## WHAT YOU ARE ASKED TO DO
In the entries below, begin at the line that has "The age of the" and stop after the line that has "Jacaranda mimosifolia, also"; output those lines exactly, leaving out pictures.

## DATA TO EXAMINE
● ● ● ● ● ● ●

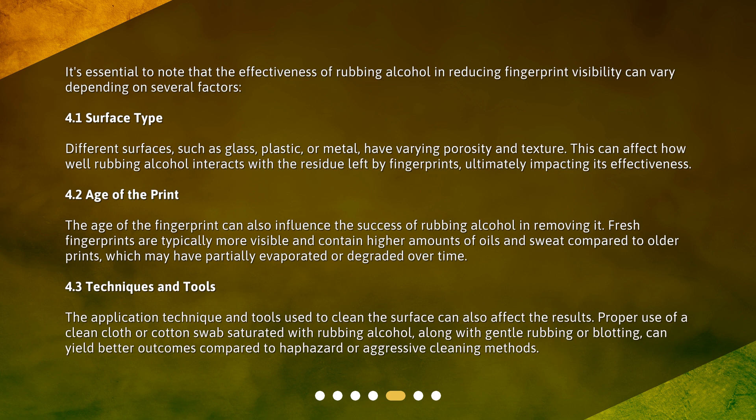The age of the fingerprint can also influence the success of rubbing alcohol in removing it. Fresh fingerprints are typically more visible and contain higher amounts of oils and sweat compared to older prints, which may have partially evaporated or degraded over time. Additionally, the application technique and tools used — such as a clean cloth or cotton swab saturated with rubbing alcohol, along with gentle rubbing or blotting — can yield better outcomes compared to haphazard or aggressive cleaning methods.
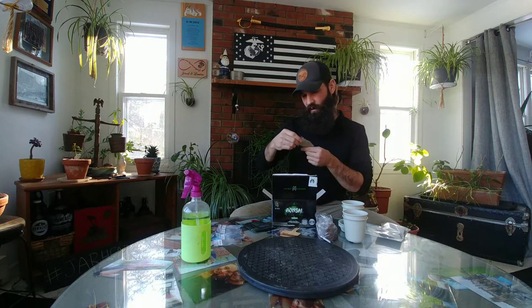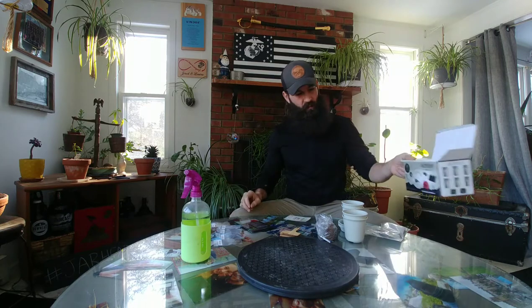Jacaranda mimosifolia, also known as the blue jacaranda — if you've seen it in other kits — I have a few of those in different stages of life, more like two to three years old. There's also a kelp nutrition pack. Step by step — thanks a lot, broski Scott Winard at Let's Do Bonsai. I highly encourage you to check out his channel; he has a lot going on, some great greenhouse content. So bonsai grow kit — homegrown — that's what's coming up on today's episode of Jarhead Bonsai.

● ● ● ● ● ● ●

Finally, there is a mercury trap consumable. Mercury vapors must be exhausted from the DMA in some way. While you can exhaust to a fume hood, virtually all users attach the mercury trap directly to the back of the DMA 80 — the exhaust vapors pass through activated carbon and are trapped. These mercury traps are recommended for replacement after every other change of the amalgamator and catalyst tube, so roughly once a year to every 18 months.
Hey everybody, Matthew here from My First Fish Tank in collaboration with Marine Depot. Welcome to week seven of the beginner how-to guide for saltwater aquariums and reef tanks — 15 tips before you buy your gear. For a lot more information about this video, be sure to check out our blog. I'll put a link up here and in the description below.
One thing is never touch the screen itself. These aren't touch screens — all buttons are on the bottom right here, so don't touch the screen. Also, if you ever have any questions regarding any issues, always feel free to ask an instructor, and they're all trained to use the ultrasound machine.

● ● ● ● ● ● ●

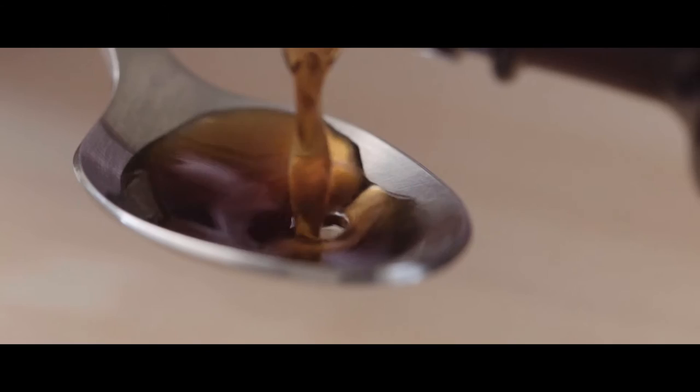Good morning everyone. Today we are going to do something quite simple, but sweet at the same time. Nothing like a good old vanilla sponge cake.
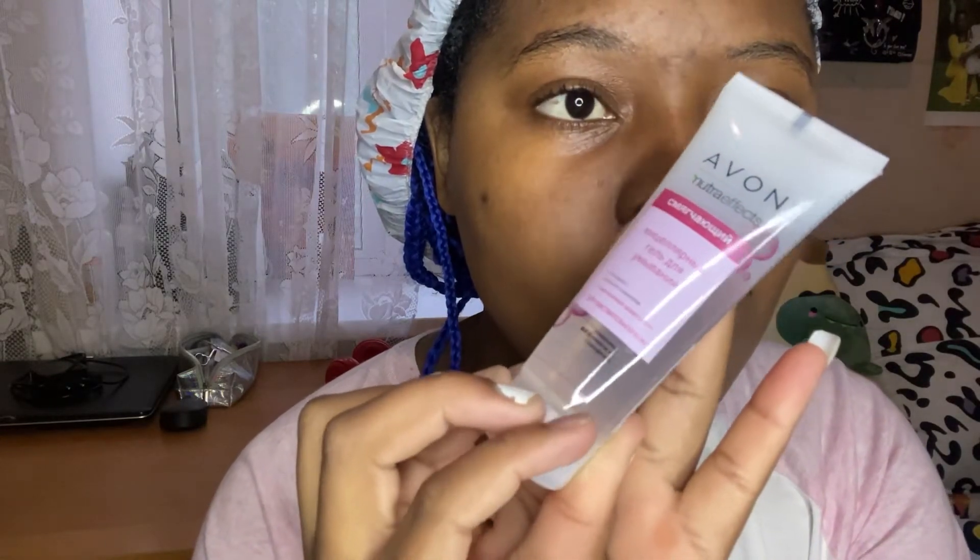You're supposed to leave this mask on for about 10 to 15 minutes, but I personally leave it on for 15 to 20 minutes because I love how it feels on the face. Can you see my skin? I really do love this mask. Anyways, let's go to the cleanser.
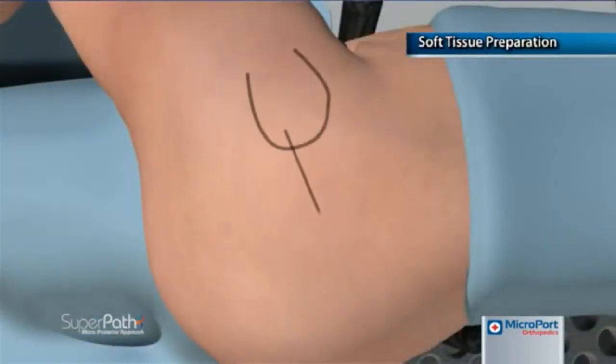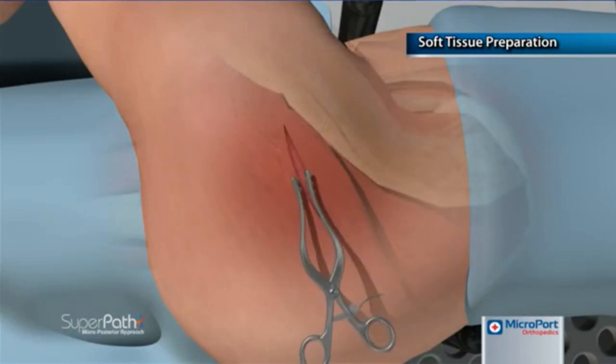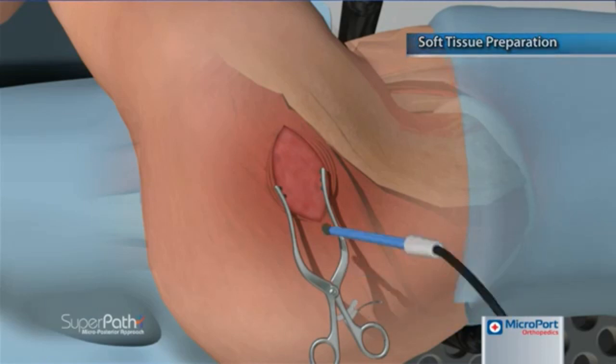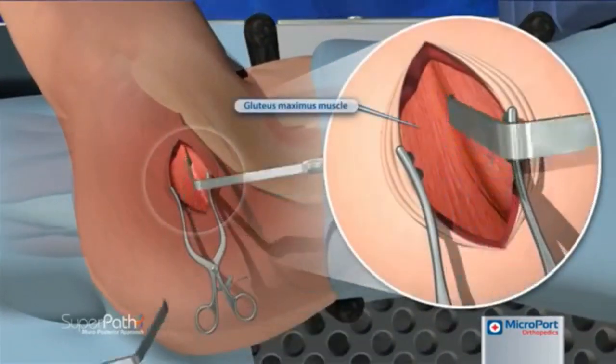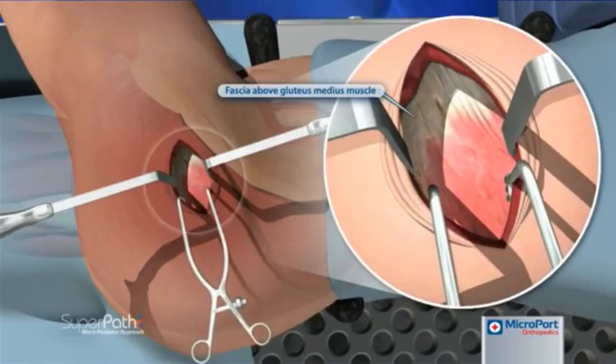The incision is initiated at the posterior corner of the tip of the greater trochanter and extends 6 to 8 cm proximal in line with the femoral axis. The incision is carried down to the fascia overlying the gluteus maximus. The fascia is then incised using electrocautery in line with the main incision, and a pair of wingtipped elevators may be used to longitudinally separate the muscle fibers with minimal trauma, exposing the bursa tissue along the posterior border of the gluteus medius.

● ● ● ● ● ● ●

## RESPONSE TO THIS TASK
The age of the fingerprint can also influence the success of rubbing alcohol in removing it. Fresh fingerprints are typically more visible and contain higher amounts of oils and sweat compared to older prints, which may have partially evaporated or degraded over time. Additionally, the application technique and tools used — such as a clean cloth or cotton swab saturated with rubbing alcohol, along with gentle rubbing or blotting — can yield better outcomes compared to haphazard or aggressive cleaning methods.
Jacaranda mimosifolia, also known as the blue jacaranda — if you've seen it in other kits — I have a few of those in different stages of life, more like two to three years old. There's also a kelp nutrition pack. Step by step — thanks a lot, broski Scott Winard at Let's Do Bonsai. I highly encourage you to check out his channel; he has a lot going on, some great greenhouse content. So bonsai grow kit — homegrown — that's what's coming up on today's episode of Jarhead Bonsai.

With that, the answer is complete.